He Court of Administrative Litigation (TCA) resolved that the central bank (BCU) awarded a bad authorization to Pilay Uruguay to be a trustee of a financial trust in 2010. The action before the TCA was presented by the company Consorcio del Uruguay that it felt hurt by Pilay’s involvement in the real estate thrift market.
The situation goes back to November 2010 when a resolution of the Superintendence of Financial Services of the BCU enabled Pilay Uruguay to market a product that sought to capture public savings, without having been authorized or registered to do so.
The first conclusion of the TCA is that this resolution was “absolutely null”.
In another passage, the ruling refers to article 26 of Law 17,703 (on trusts). Article 28 of that law says: only financial intermediation entities or investment fund management companies may be trustees in a financial trust.

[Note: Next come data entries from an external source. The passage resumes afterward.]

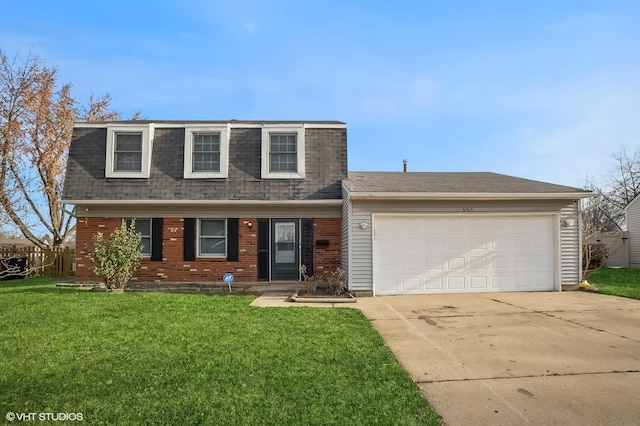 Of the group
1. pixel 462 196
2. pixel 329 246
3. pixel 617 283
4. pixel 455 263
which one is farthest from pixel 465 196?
pixel 617 283

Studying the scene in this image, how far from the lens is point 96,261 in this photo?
1116 cm

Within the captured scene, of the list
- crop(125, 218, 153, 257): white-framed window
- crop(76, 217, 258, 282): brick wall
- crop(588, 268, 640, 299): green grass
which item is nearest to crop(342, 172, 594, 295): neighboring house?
crop(588, 268, 640, 299): green grass

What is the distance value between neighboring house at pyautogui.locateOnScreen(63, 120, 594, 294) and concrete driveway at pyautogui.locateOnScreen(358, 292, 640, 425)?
6.07ft

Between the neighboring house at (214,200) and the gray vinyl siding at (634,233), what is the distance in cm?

In this sense, he adds, it is “clear that Pilay Uruguay (Campiglia & Pilay) was not a financial intermediation entity, therefore, to be a trustee of a financial trust, it had to be formalized and registered as an investment fund management company”. Mentioning other regulations, the TCA states that investment fund managers will require, in order to function, authorization from the BCU and for the purpose of granting the aforementioned authorization, the monetary authority will attend legal reasons.
In turn, it states that article 129 of the Compilation of Stock Market Regulations provided that in order to be authorized, investment fund management companies must meet certain requirements. Some mentioned were: having the exclusive purpose of managing investment funds; take the legal form of corporations by nominative, physical or book-entry shares, and include in its name the expression “investment fund managers”.
Leonardo Carreno
Building under construction
On this point, the TCA indicates that the BCU deviated from the provisions of the applicable regulations by having authorized Pilay Uruguay a “provisional and limited operation, as a financial trustee managing investment funds, when it had not complied with the requirements set forth such purposes”.
Referring to the final authorization granted to Pilay Uruguay, he concludes that “the Superintendence of Financial Services has exceeded its faculties or powers that, as it turns out from the legal texts, it is about regulated powers, not discretionary ones”. Thats why he “BCU does not have the power to authorize a company to operate as an investment fund managerwhen it had not complied with the legal demands or requirements”.
With the foregoing, the TCA ordered the annulment of the resolution of the Superintendence of Financial Services of the BCU of November 2010.
What the TCA said about Consorcio
In one part of the ruling, the TCA refers to Consorcio del Uruguay, a company that appeared before the Court to take action against Pilay Uruguay. It states that the Uruguayan Consortium captures resources from the market under a modality other than Campiglia & Pilay.
“But, even with their different legal regimes, they do not carry out their activity in watertight compartments, both operate, at the starting point of such legal differences, in the same financial market, operating in the capital market, seeking to attract private savings” , points out.
He then explains that “under different legal forms both companies, Consorcio and Campiglia & Pilay are engaged in the same business, which is capturing public savings, especially for home purchaseswhether by lottery or bidding between a savers market for that purpose and both the stock market organized around prior savings groups or financial trusts are under the regulation and supervision of the BCU”.
For this reason, it maintains that “Consorcio’s legitimacy is clear insofar as it has a legitimate interest in ensuring that all its competitors comply with the same regulations that regulate that market and demand due behavior in this regard from the central bank supervisory authority.”